Directions. Could you copy the records below exactly, keeping none of the images?

######

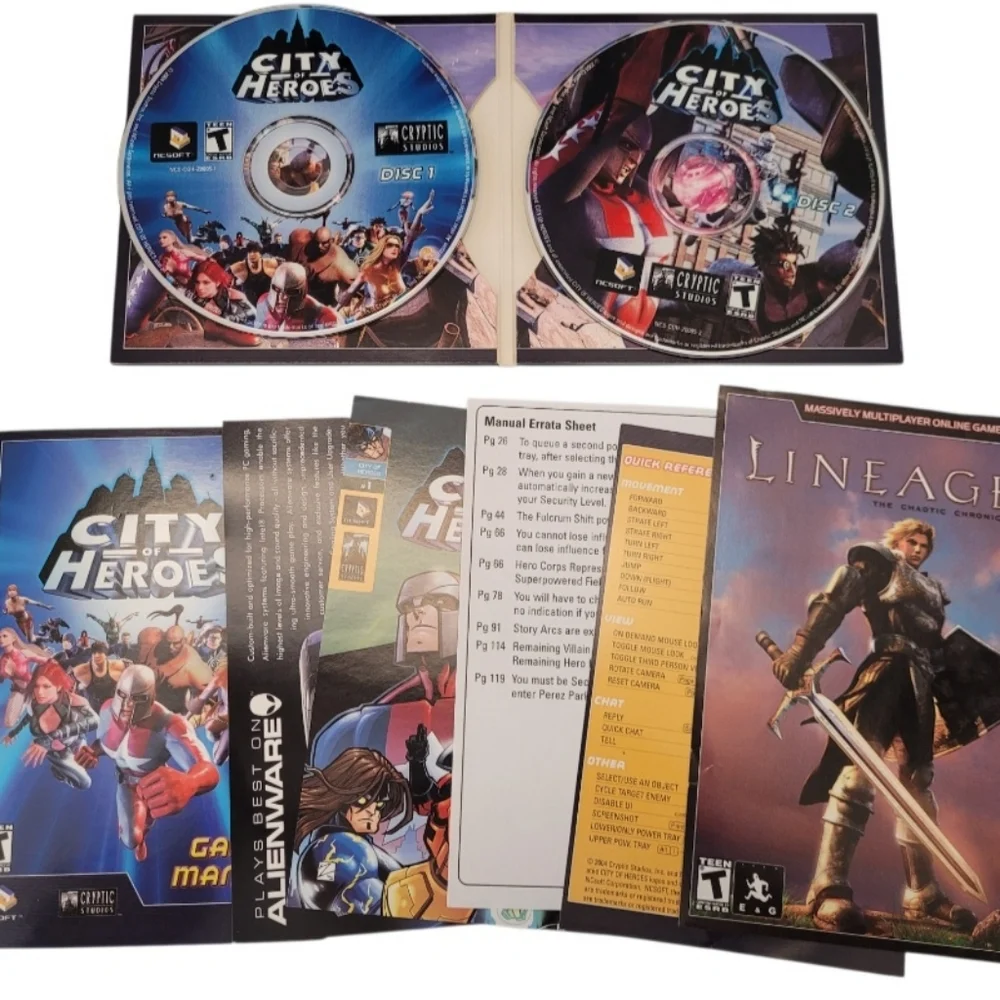 City of Heroes (PC, 2004) 2-Disc Boxset Complete W/Inserts/Map/Game Manual Book/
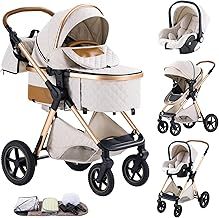 Shineey Stroller 3 in 1 Travel System Aluminium Frame High Landscape Combined Strollers Lightweight Folding Pram for Newborns Toddlers 0-36 Months from Birth Aluminium Pushchair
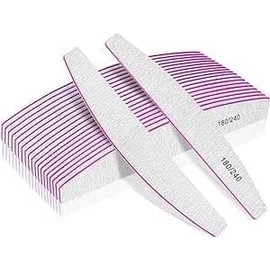 Professional Nail Files, Double Sided Emery Board for Nails 180/240 Grit, Coarse Washable Nail Files for Acrylic Nails & Natural Nails, 5 Pack Fine Grit Nail File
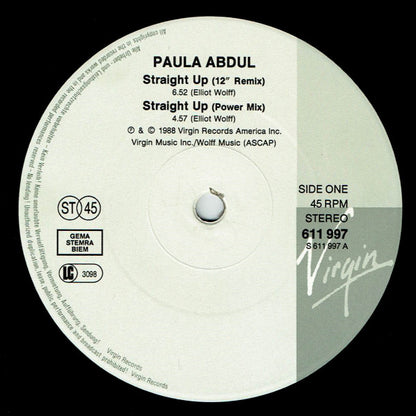Paula Abdul : Straight Up (12", Single, Gre)
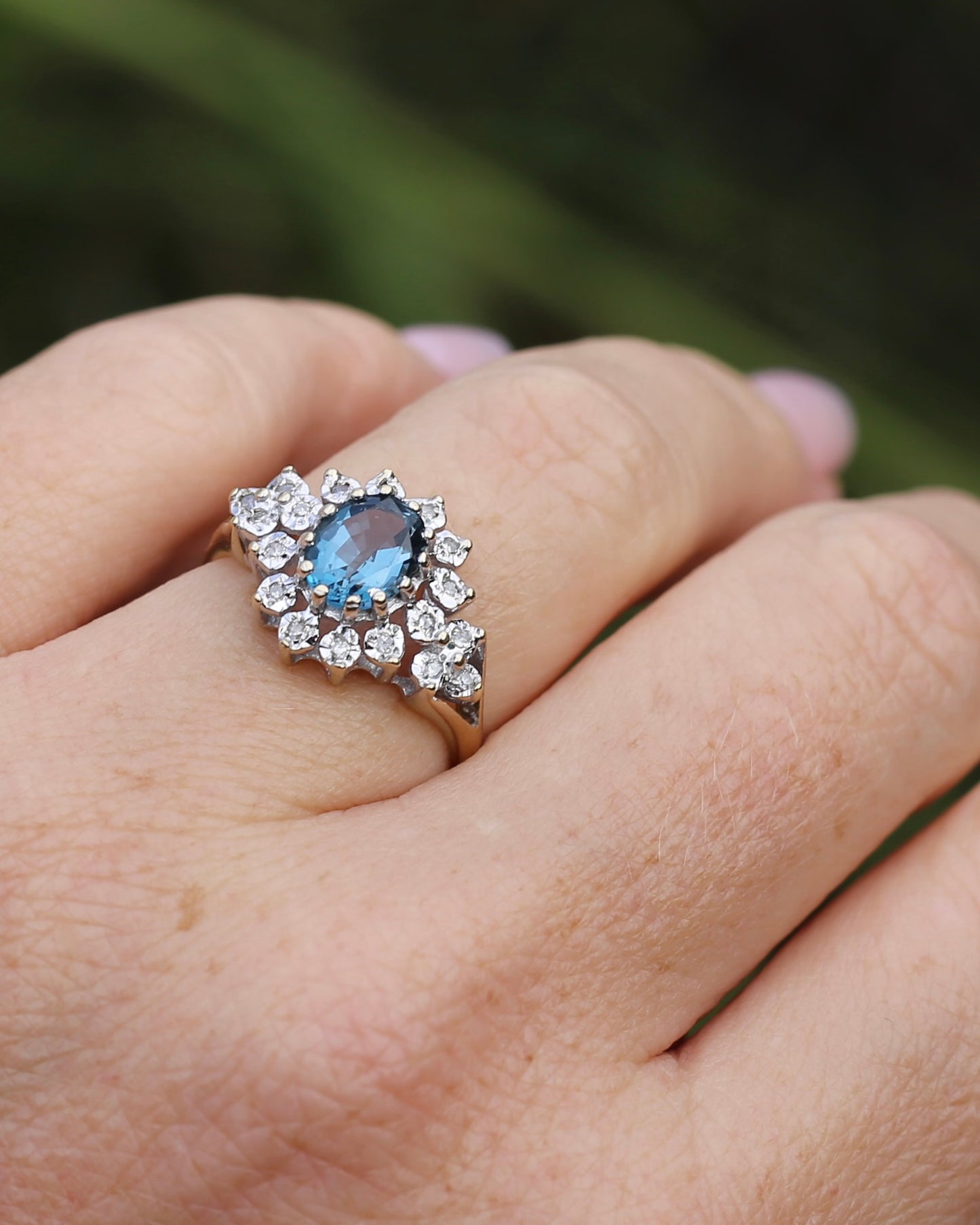 1989 Blue Zircon and Diamond Halo Ring, 9ct Yellow and White Gold, size N1/2 or 7, 3.18g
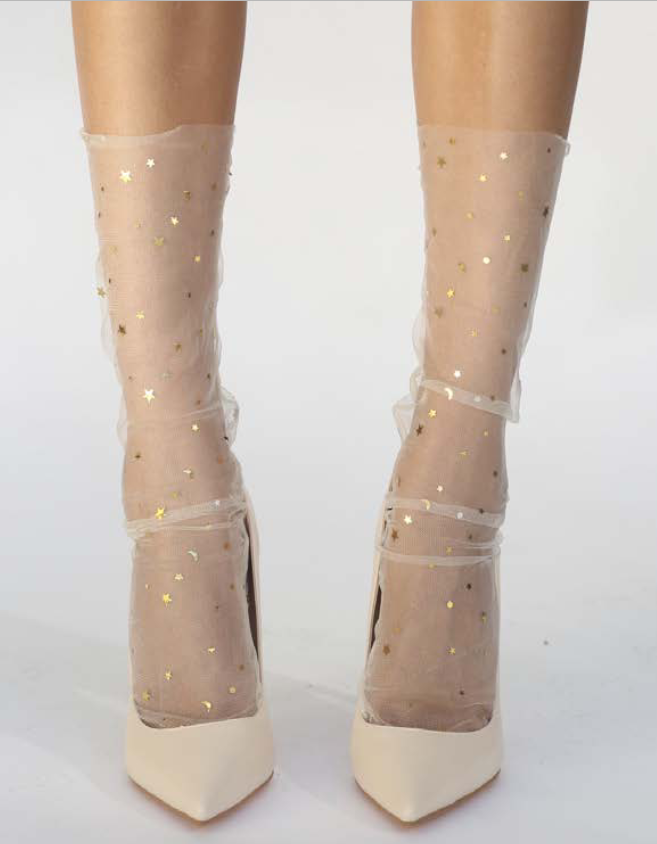 Tulle socks with heels top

######

Answer space.
 City of Heroes (PC, 2004) 2-Disc Boxset Complete W/Inserts/Map/Game Manual Book/
 Shineey Stroller 3 in 1 Travel System Aluminium Frame High Landscape Combined Strollers Lightweight Folding Pram for Newborns Toddlers 0-36 Months from Birth Aluminium Pushchair
 Professional Nail Files, Double Sided Emery Board for Nails 180/240 Grit, Coarse Washable Nail Files for Acrylic Nails & Natural Nails, 5 Pack Fine Grit Nail File
Paula Abdul : Straight Up (12", Single, Gre)
 1989 Blue Zircon and Diamond Halo Ring, 9ct Yellow and White Gold, size N1/2 or 7, 3.18g
 Tulle socks with heels top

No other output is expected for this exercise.